Un side-car conduit par le musicien Ry Cooder roule dans La Havane. De part et d’autre de la rue stagnent des épaves de voitures, peinture rouillée et essieux à l’air. Là, le temps semble s’être arrêté au début des années soixante. Ce flash- back naturel est un véritable rêve de cinéaste. Pas besoin de décors, pas besoin d’accessoires, à Cuba l’ambiance transpire de chaque plan, et Wenders en profite. Si tous ses films, de Paris Texas à The End of violence accordent une place primordiale à la musique (celle de Paris Texas fut déjà composée par Ry Cooder), Buena Vista social club est en quelque sorte la « bande-image » d’un album enregistré deux ans auparavant par les plus grands musiciens cubains.

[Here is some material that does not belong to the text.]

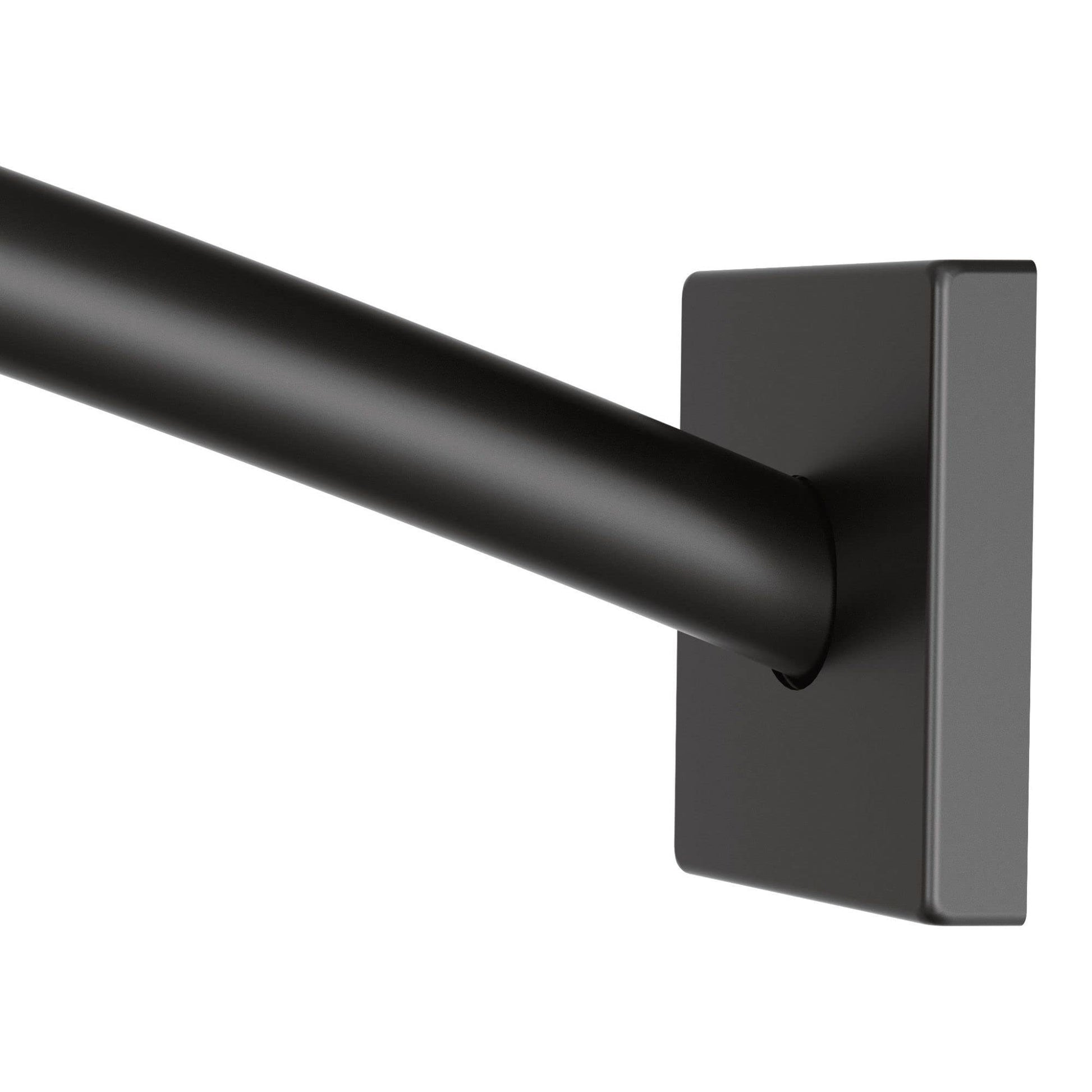 Matte black curved shower curtain rod with rectangular wall bracket and cylindrical rod extending outward.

Tout commence en mars 1996, quand la maison de disques World Circuit décide d’organiser un voyage à La Havane pour faire un album. En 6 jours Buena Vista Social Club est enregistré dans les studios Egrem qui datent des années 50. Le pivot du groupe est Compay Segundo, 92 ans, musicien phare à Cuba. A ses côtés sont découverts d’autres chanteurs ou musiciens oubliés, tels Ibrahim Ferrer, crooner des années 50, ou Ruben Gonzalez, pianiste de talent né en 1919. L’album est distribué dans le monde entier, il s’en vend un million, la mode de la musique cubaine est lancée. C’est à ce moment-là que Wenders fait son apparition. Il décide de restituer cette aventure en filmant deux concerts du groupe et l’enregistrement du premier album d’Ibrahim Ferrer. C’est l’occasion d’interroger tous les musiciens avant que le groupe ne se dissolve, chacun profitant de ce soudain succès pour relancer (voire lancer…) sa carrière solo.
Le charme de Buena Vista social club (le film) est là, dans le caractère éphémère de cet orchestre inattendu et dans les confessions de ces hommes qui croyaient ne plus jamais retrouver la scène. Ibrahim Ferrer raconte que lors de l’enregistrement on est venu le chercher dans la petite échoppe où il cirait des chaussures pour gagner sa vie. Il voulait se laver, se changer au moins : il a juste eu le temps de se rincer le visage et de partir, direction les studios. Il n’avait plus chanté depuis 35 ans. Mais quelques mesures lui ont suffit pour reprendre le ton juste. A Cuba rien ne change, les hôpitaux sont délabrés, les bus en panne, les habitants désabusés… et les musiciens éternels !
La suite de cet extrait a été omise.